Après une entame tout en douceur, Great wind, nouveau morceau qui, comme To the moon and back, sera peut-être au programme d’un premier album prévu pour 2022, expose aussi cette ferveur de bancs d’église et de stomper façon Motown. Mais la richesse de chaque pièce de Gabriels étant difficilement assimilable du premier coup, on retient davantage celles qu’on connaît, tel ce bouleversant Stranger et, en conclusion divine, ce Professionnal allongé d’une nouvelle partie palpitante. Ryan échange un regard complice avec le contrebassiste quand le groove décolle, Ari tisse sa toile au vibraphone, Jacob doit être rendu à peu près au niveau de la stratosphère. Déjà les lumières se rallument. 
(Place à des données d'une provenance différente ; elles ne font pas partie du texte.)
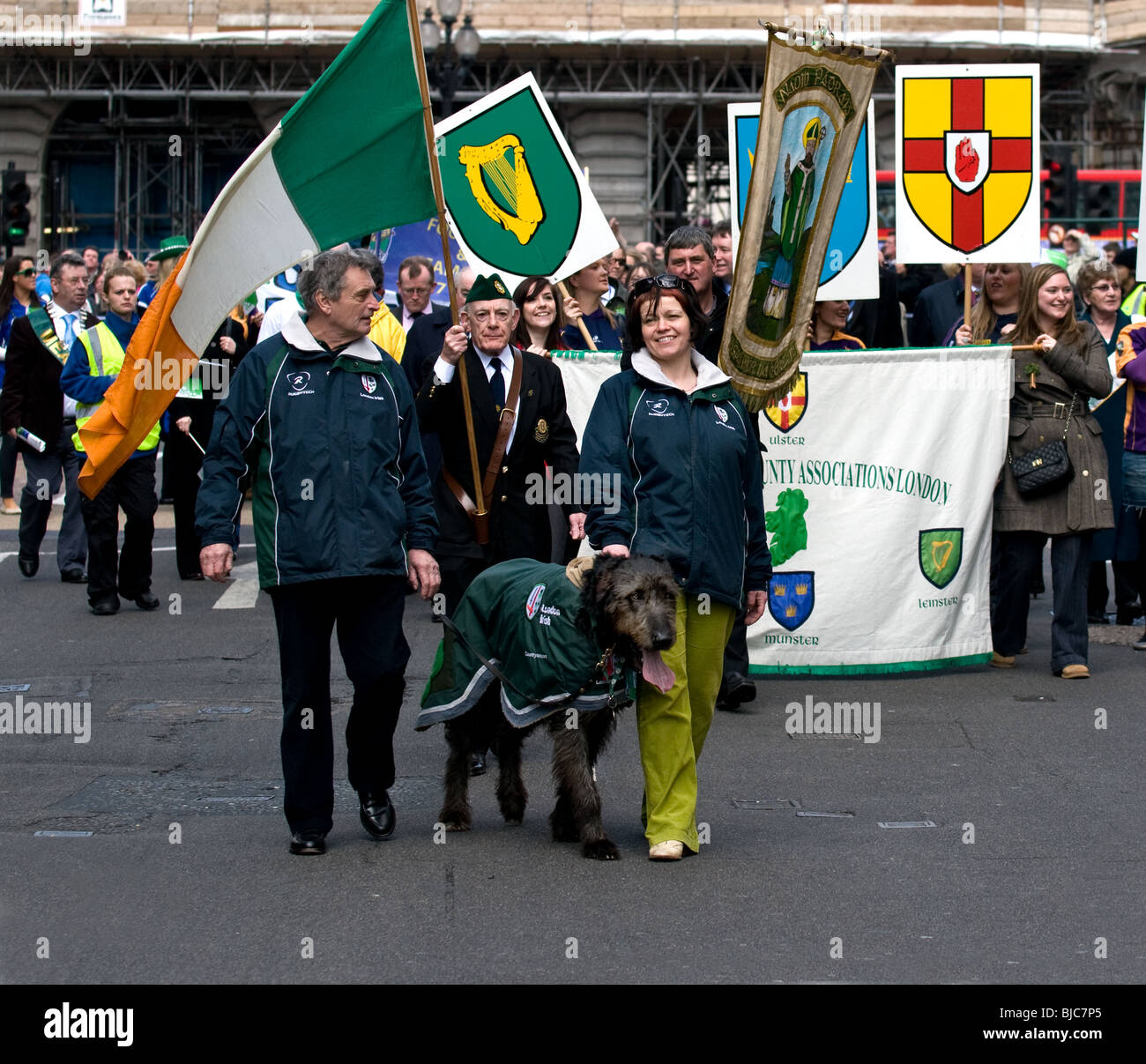 Ein irischer Wolfshund zu Fuß an der Spitze der St. Patricks Day Parade in London Stockfoto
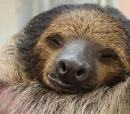 Martino Vaona: Una vita da bradipo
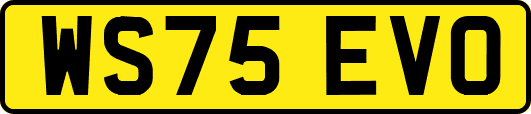 WS75EVO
Pas de In loving memory ni de Loyalty, mais tout ne pouvait pas entrer dans le créneau imparti par un festival au planning chargé et millimétré. Reste qu’au final, neuf chansons et 45 minutes plus tard, on ne mesure pas tout à fait encore l’ampleur de l’éclosion à laquelle on vient d’assister. Le genre de vibrations que l’on a envie de garder longtemps dans les oreilles, et puis cette envie de dire à la Terre entière qu’en 2022 il faudra guetter l’ange Gabriels, réapparu probablement avec un premier album sous le bras et une ferme volonté de nous emmener très haut.